There’s granulated cane sugar, but corn “sugar” seems to come in syrup form only. Why is this? Why is there no granulated “corn sugar”?
There is; it’s called dextrose.
I don’t know why it isn’t commonly sold for household use like cane sugar, though.
You add a bit of corn syrup to candy made with granulated sugar to help keep it from crystalizing out of a super saturated solution. An example is fudge. A tablespoon goes into frosting to make it a bit smoother. You can cook corn syrup into a hard candy, but it doesn’t crystalize into small individual crystals like beet or cane sugar. Someone that can explain why it won’t do this will have to take over from here.
Well I guess it can be made granular, but it still does work to help prevent the granulation of candy.
Because it is not as sweet as common table sugar (sucrose). You need about 50% dextrose more to equal the sweetness of sucrose.
50% more dextrose :smack:
You can buy corn sugar in powered form from beer and wine making supply shops. It absorbs water and turns into a hard lump very quickly if you don’t keep it well sealed. If you put it in a sugar bowl, in about 2 days you probably couldn’t get it back out.

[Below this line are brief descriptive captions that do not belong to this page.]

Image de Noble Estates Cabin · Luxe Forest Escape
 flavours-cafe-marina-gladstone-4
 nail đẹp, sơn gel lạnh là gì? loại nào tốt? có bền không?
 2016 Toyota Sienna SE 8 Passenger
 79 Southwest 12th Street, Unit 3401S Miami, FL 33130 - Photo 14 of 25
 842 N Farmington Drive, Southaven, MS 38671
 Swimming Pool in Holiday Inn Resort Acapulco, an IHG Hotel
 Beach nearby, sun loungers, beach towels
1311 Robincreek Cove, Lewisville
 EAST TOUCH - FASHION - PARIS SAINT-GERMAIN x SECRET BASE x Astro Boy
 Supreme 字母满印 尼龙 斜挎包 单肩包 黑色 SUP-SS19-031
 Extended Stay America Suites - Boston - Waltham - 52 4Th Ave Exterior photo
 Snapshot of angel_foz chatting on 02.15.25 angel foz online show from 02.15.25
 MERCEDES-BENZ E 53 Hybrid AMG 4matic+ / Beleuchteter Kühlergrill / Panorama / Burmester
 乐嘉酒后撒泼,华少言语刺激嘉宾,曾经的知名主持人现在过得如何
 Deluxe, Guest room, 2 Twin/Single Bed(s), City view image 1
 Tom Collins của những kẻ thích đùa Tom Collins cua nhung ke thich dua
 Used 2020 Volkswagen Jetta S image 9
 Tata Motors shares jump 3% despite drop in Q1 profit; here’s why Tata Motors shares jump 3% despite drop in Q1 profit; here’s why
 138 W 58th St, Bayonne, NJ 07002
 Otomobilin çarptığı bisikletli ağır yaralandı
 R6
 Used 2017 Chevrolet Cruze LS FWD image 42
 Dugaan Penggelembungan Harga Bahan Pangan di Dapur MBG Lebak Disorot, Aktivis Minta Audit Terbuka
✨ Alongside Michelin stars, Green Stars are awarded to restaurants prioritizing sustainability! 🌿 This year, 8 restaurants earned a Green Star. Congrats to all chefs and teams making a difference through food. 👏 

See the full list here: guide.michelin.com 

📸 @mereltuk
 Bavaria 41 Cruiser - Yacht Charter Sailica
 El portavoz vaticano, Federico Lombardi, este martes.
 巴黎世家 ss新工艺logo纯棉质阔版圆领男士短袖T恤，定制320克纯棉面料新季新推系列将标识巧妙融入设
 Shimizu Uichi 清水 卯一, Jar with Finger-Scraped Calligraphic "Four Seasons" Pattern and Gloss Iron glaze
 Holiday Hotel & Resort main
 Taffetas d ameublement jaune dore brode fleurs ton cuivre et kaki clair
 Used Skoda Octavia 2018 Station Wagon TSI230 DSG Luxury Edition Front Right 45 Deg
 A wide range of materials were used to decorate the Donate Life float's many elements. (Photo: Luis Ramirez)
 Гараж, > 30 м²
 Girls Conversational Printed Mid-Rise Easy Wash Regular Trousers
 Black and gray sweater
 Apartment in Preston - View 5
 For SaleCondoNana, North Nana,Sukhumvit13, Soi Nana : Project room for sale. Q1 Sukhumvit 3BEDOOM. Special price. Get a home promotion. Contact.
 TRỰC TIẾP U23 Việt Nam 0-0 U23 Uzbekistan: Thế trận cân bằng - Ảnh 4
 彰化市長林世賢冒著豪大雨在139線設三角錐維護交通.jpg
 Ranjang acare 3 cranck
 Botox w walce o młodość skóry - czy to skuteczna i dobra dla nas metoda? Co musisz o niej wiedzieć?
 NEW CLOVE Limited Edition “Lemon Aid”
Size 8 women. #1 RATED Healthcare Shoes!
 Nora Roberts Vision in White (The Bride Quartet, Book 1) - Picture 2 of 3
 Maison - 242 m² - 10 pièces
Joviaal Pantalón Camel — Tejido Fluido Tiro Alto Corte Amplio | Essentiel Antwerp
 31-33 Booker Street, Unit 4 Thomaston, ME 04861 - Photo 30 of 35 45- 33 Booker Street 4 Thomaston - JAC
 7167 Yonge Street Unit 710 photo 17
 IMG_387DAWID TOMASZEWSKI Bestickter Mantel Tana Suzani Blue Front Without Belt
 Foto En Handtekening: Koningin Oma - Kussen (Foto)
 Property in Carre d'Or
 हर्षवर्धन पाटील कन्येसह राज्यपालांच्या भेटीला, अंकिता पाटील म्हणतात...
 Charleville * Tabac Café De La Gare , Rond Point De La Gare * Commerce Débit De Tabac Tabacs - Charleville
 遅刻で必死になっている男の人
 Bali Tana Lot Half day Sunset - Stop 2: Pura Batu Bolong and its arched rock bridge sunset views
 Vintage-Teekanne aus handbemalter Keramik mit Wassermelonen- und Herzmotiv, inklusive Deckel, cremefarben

I’ve not had the problem. I buy ingredient kits which always come with way too much corn sugar. Rather than throw it out, I keep adding it to a big tupperware (little-t) bowl in my basement. It’s still mostly granular.
Given that, anyone have a good use for corn sugar aside from making beer? I can’t bear to throw it out, as I said.
I thought that granulated sugar, for table use, was also made from sugar beets, not so?
Table sugar could be either cane or beet sugar. The container should say which it is.